Assez peu de détails sont donnés, si ce n’est que cela passera par « un réseau d’associations, d’étudiants ou de branches professionnelles » pour que des femmes, « rôles modèles, puissent présenter leur parcours à des jeunes filles ».
Un « programme d’éducation à l’orientation » sera présenté par Élisabeth Borne à la fin du mois. Des académies volontaires pourront se lancer à la rentrée 2025, puis une généralisation est prévue en 2026.
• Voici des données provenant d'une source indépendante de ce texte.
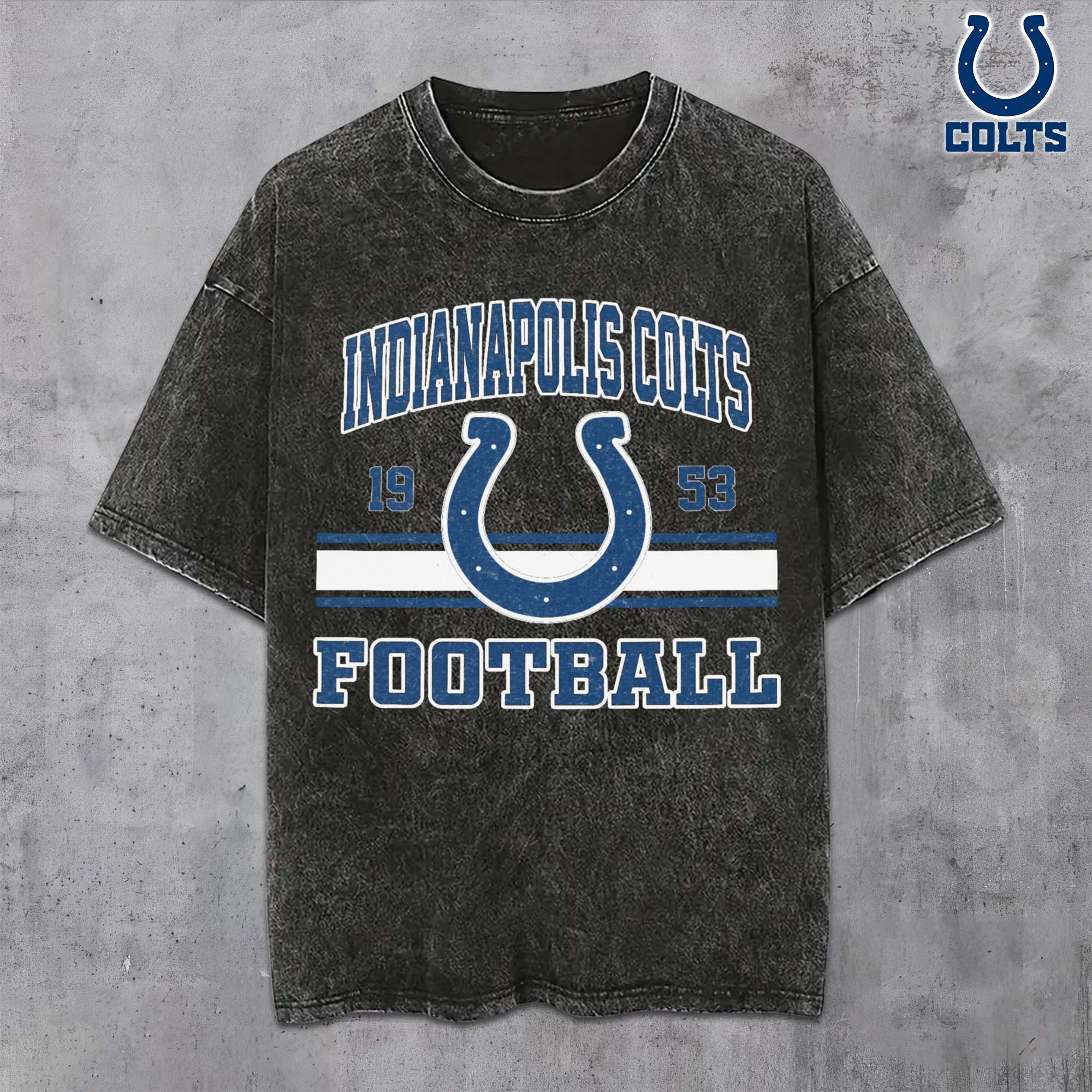 Indianapolis Colts Vintage T-Shirt, Sport Shirts For Fan, Gifts For Football Lovers EHIVM-0204679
Les rôles modèles sont des femmes ou jeunes filles qui ont réussi en maths, comme nous l’expliquait Magali Ochs, à l’occasion d’une présentation intitulée « Comment l’IA peut être utilisée pour lutter contre les inégalités, pour plus d’inclusion et en particulier pour lutter contre les inégalités femmes-hommes ».
… qui peuvent aussi passer par des personnages virtuels
C’est la théorie, mais en pratique, « c’est assez difficile d’avoir des rôles modèles à disposition dans les classes à présenter aux jeunes filles. Donc, on a créé des personnages virtuels qui pourraient représenter des rôles modèles et, de fait, de pouvoir réduire cette menace de stéréotypes et donc d’améliorer les performances des filles en maths », ajoutait la chercheuse.
Elle affirmait que cela marchait : « On a pu montrer que ces personnages virtuels étaient réellement perçus comme des modèles et l’expérimentation à grande échelle faite auprès de neuf collèges (soit au final 326 élèves), a montré qu’effectivement ces rôles modèles féminins permettaient d’améliorer les performances des filles en math ».